Signed-off-by: Tao Su <tao1.su@linux.intel.com>
---
For testing, we can add POPA to the emulator case in kvm-unit-test.
---
arch/x86/kvm/emulate.c | 6 +++++-
1 file changed, 5 insertions(+), 1 deletion(-)
diff --git a/arch/x86/kvm/emulate.c b/arch/x86/kvm/emulate.c
index e72aed25d721..3746fef6ca60 100644
--- a/arch/x86/kvm/emulate.c
+++ b/arch/x86/kvm/emulate.c
@@ -1999,6 +1999,7 @@ static int em_pushf(struct x86_emulate_ctxt *ctxt)
static int em_popa(struct x86_emulate_ctxt *ctxt)
{
+ unsigned long old_esp = reg_read(ctxt, VCPU_REGS_RSP);
int rc = X86EMUL_CONTINUE;
int reg = VCPU_REGS_RDI;
u32 val = 0;
@@ -2010,8 +2011,11 @@ static int em_popa(struct x86_emulate_ctxt *ctxt)
}
rc = emulate_pop(ctxt, &val, ctxt->op_bytes);
- if (rc != X86EMUL_CONTINUE)
+ if (rc != X86EMUL_CONTINUE) {
+ assign_register(reg_rmw(ctxt, VCPU_REGS_RSP),
+ old_esp, ctxt->op_bytes);
break;
+ }
assign_register(reg_rmw(ctxt, reg), val, ctxt->op_bytes);
--reg;
}
base-commit: 786c8248dbd33a5a7a07f7c6e55a7bfc68d2ca48
--
2.34.1
^ permalink raw reply related [flat|nested] 3+ messages in thread
* Re: [PATCH] KVM: x86: Reset RSP before exiting to userspace when emulating POPA
2024-07-24 4:45 [PATCH] KVM: x86: Reset RSP before exiting to userspace when emulating POPA Tao Su
@ 2024-07-24 15:33 ` Sean Christopherson
2024-07-25 2:32 ` Tao Su
0 siblings, 1 reply; 3+ messages in thread
From: Sean Christopherson @ 2024-07-24 15:33 UTC (permalink / raw)
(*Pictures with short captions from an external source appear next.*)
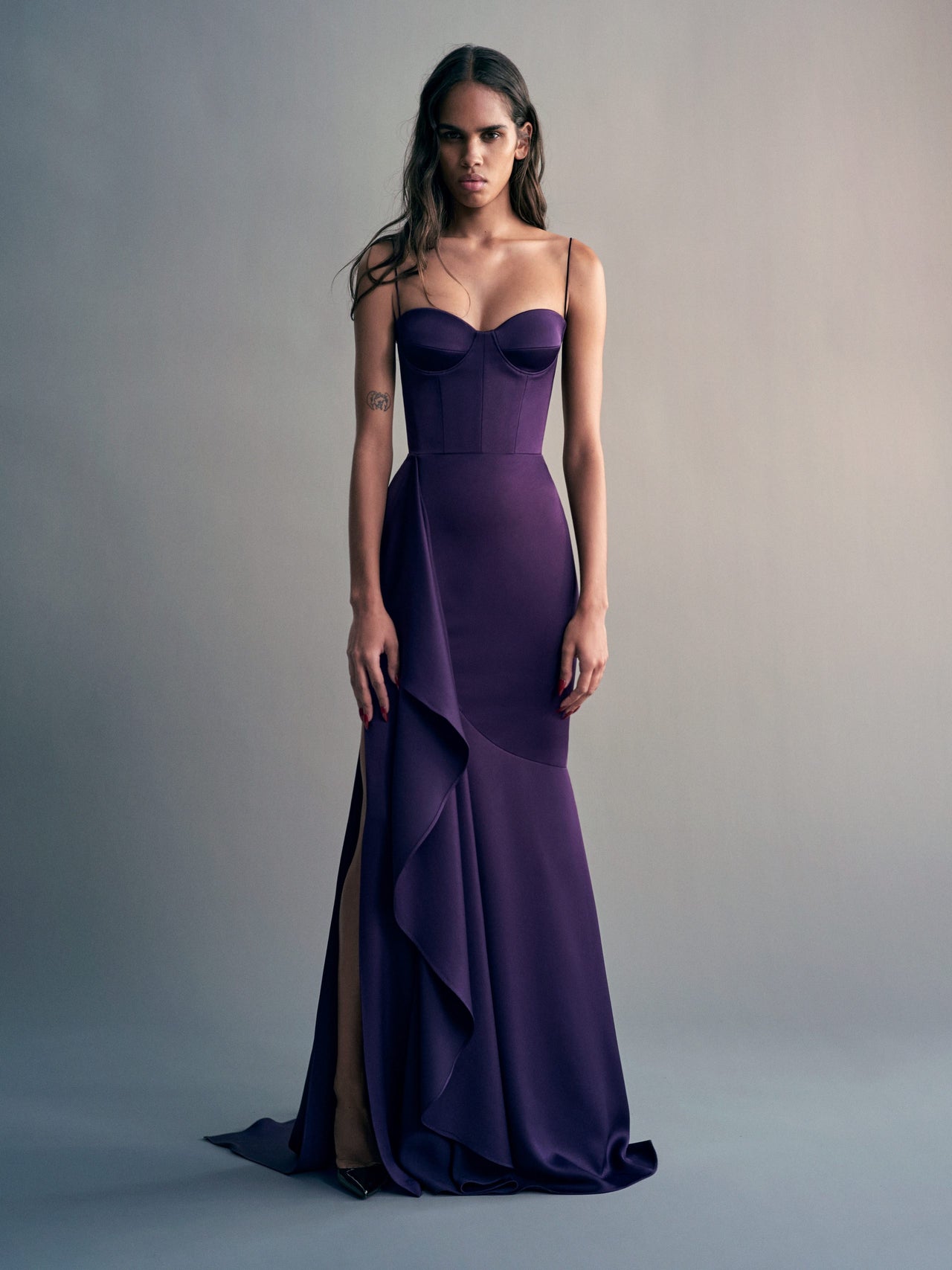 Alex Perry FW26 - Look 34, Cupped Asymmetric Tiered Drape Gown in Satin Crepe Blackberry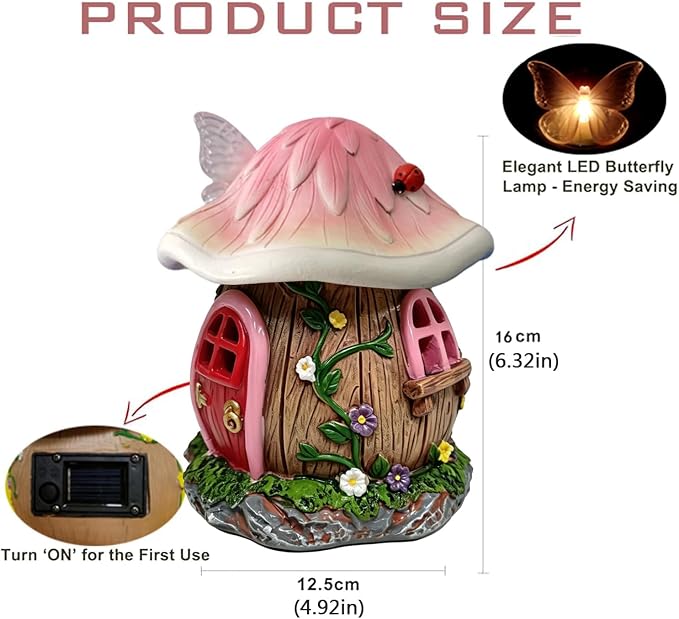 Mushroom Fairy Garden House Statue Outdoor Figurine with Solar Light,Garden Fairy House Decor,Fairy Cottage Ornaments,for Patio Yard Balcony Decoration,Gifts for Mom & Women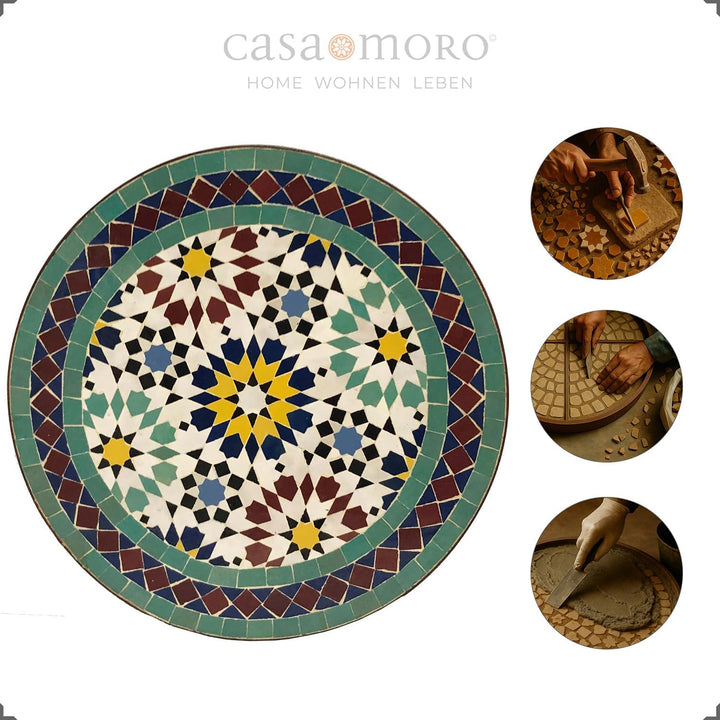 Casa Moro Terrassentisch Rund – Fliesentisch Gartentisch Mosaiktisch | Balkontisch, Beistelltisch Au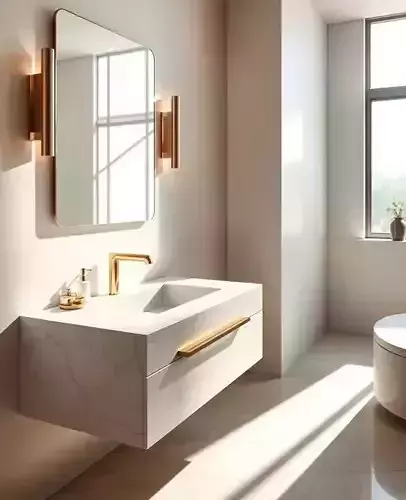 Floating Marble Vanity Console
To: Tao Su; +Cc: kvm, pbonzini, chao.gao, xiaoyao.li
On Wed, Jul 24, 2024, Tao Su wrote:
> When emulating POPA and exiting to userspace for MMIO, reset modified RSP
> as emulation context may not be reset. POPA may generate more multiple
> reads, i.e. multiple POPs from the stack, but if stack points to MMIO,
> KVM needs to emulate multiple MMIO reads.
>
> When one MMIO done, POPA may be re-emulated with EMULTYPE_NO_DECODE set,
> i.e. ctxt will not be reset, but RSP is modified by previous emulation of
> current POPA instruction, which eventually leads to emulation error.
>
> The commit 0dc902267cb3 ("KVM: x86: Suppress pending MMIO write exits if
> emulator detects exception") provides a detailed analysis of how KVM
> emulates multiple MMIO reads, and its correctness can be verified in the
> POPA instruction with this patch.
I don't see how this can work. If POPA is reading from MMIO, it will need to
do 8 distinct emulated MMIO accesses. Unwinding to the original RSP will allow
the first MMIO (store to EDI) to succeed, but then the second MMIO (store to ESI)
will exit back to userspace. And the second restart will load EDI with the
result of the MMIO, not ESI. It will also re-trigger the second MMIO indefinitely.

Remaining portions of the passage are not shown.